Asahi urges axing of Olympics

Japanese daily joins Games cancellation chorus, says public health should be priority

Protesters, who are against the Tokyo 2020 Olympics being held amid the pandemic, appealing to pedestrians in the capital city last Friday.
Protesters, who are against the Tokyo 2020 Olympics being held amid the pandemic, appealing to pedestrians in the capital city last Friday.PHOTO: EPA-EFE

TOKYO • Japanese newspaper publisher The Asahi Shimbun, an official partner of the Tokyo 2020 Olympics, yesterday called for the Summer Games to be cancelled in an editorial, citing risks to public safety and strains on the medical system from the Covid-19 pandemic.

Opinion polls dating back to last year have consistently shown that the majority of the Japanese public are opposed to holding the July 23-Aug 8 Games.

They are concerned about the fact that tens of thousands of athletes and officials are descending on a country that has largely remained closed to foreigners since last year and where vaccinations have proceeded slowly.

Medical associations have also protested against the holding of the Games, while investors have talked up the benefits of shelving them, and even influential businessmen such as SoftBank chief executive officer Masayoshi Son have called for the event's axing.

"We ask Prime Minister (Yoshihide) Suga to calmly and objectively assess the situation and decide on the cancellation of the event this summer," said Asahi, a left-leaning daily often critical of the ruling Liberal Democratic Party (LDP).

"We are far from a situation in which everybody can be confident they will be 'safe and secure'," the paper added, invoking the government mantra about the Games. "Sadly, that is not the reality."

But in a later statement, Asahi said it remained committed to being an official partner of the Tokyo Games and that its editorial division had its independent mission.

The company would "continue its activities as an official partner while monitoring the Covid-19 situation", it added.

Asahi's editorial was widely shared on social media, garnering more than 30,000 tweets by late morning, but Tokyo 2020 chief executive officer Toshiro Muto played down the opposition, claiming it was "only natural" for news organisations to have different views on the Games.

Organisers are continuing to dig their heels in, pointing to other successful sports events as evidence that the Games can go ahead.

Speaking yesterday ahead of a Tokyo 2020 executive board meeting, Tokyo 2020 president Seiko Hashimoto said only one coach tested positive for Covid-19 over the course of four recent test events with almost 7,000 visitors from some 50 countries.

The events "are evidence that our current coronavirus precautions are effective", she insisted.

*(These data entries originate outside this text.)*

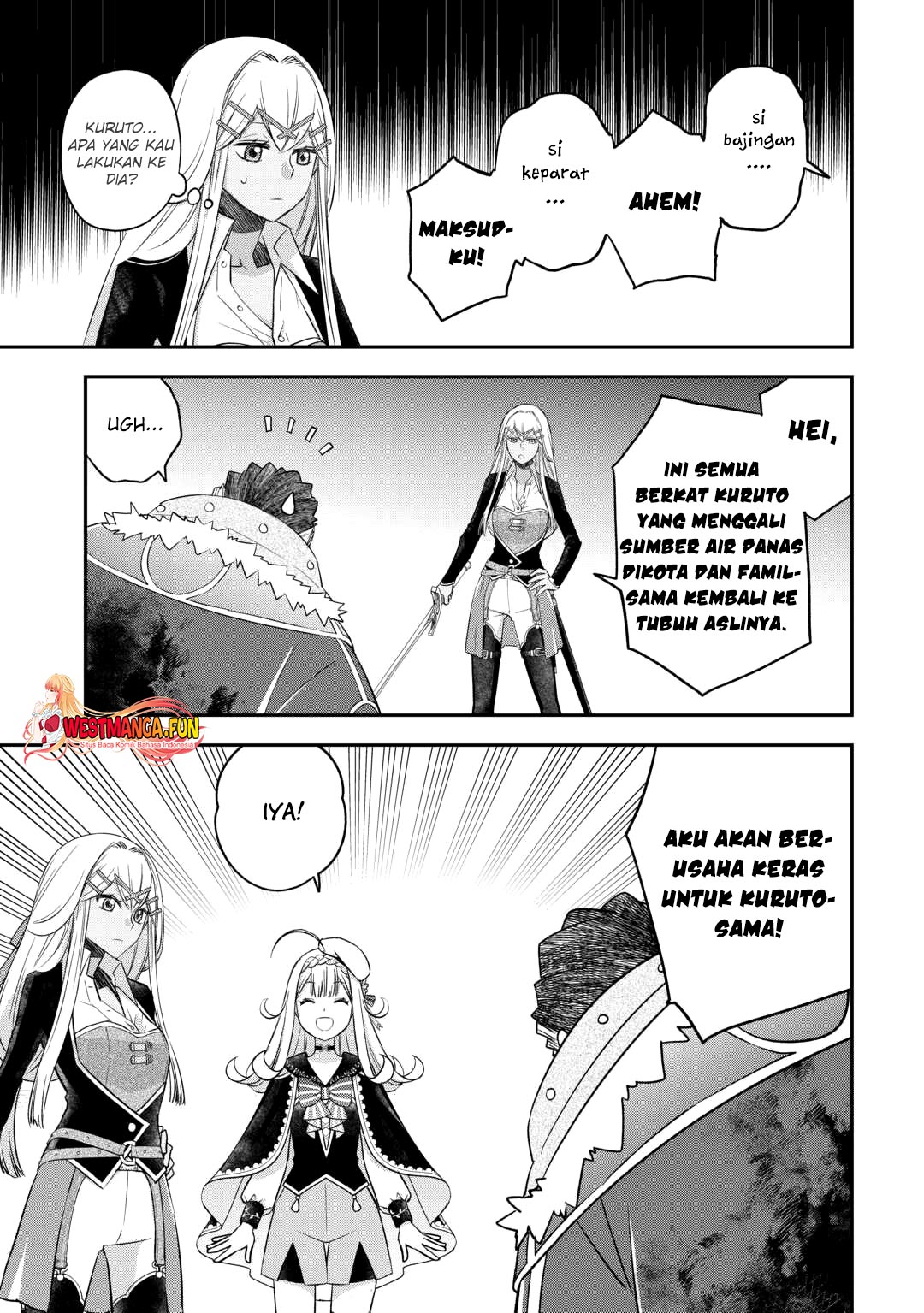 Kanchigai No Atelier Master Chapter 49 Gambar 11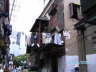 Montag, 04.08.08. Shanghai: Besichtigungen von kulturellen und handwerklichen Objekte.
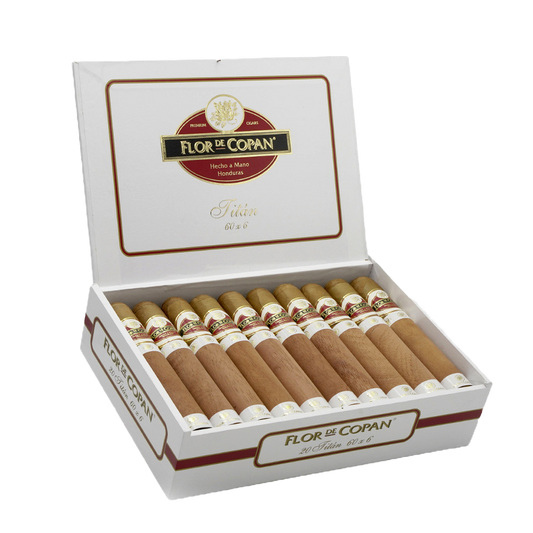 Flor de Copán Titan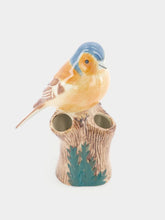 Quail Ceramics Budvase Chaffinch
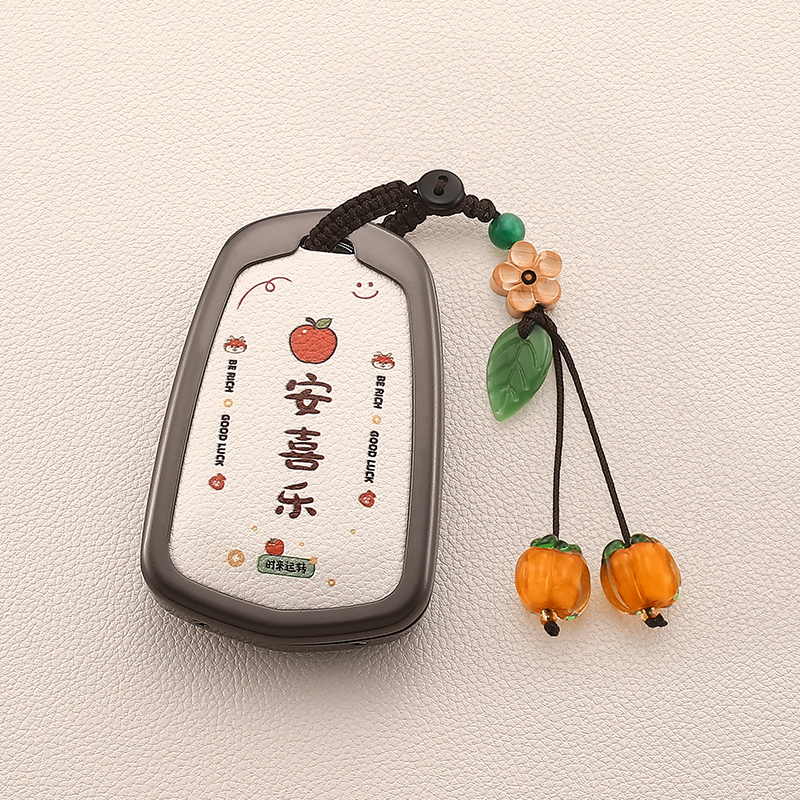 适用凯迪拉克XT5钥匙套XT4 rXT6 XTS CT4 CT5 CT6 ATSL扣SRT壳GT4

The LDP's stance also remains unchanged, with heavyweight politician Kozo Yamamoto telling Reuters: "Even baseball matches are being held currently with spectators. Why not go ahead with the Games?

"The Olympics will happen, even without spectators... Once it begins, everybody will be glad."

Still, doubts over the Games continue to grow after Tokyo governor Yuriko Koike yesterday said she will request that the current state of emergency - which is Japan's third and originally set to be lifted at the end of this month - be extended for "about another month", mere weeks before the start of the Games.

With just over 5 per cent of the population vaccinated and the country's programme currently prioritising those 65 or over as well as medical workers, the Japanese Olympic Committee will make use of the donation agreement reached between the International Olympic Committee and Pfizer and BioNTech to provide vaccine doses to its athletes.

Olympics Minister Tamayo Marukawa said that Japan will receive around 20,000 doses, which will also be given to those working at the Games, such as interpreters and referees, and inoculation will start from Tuesday.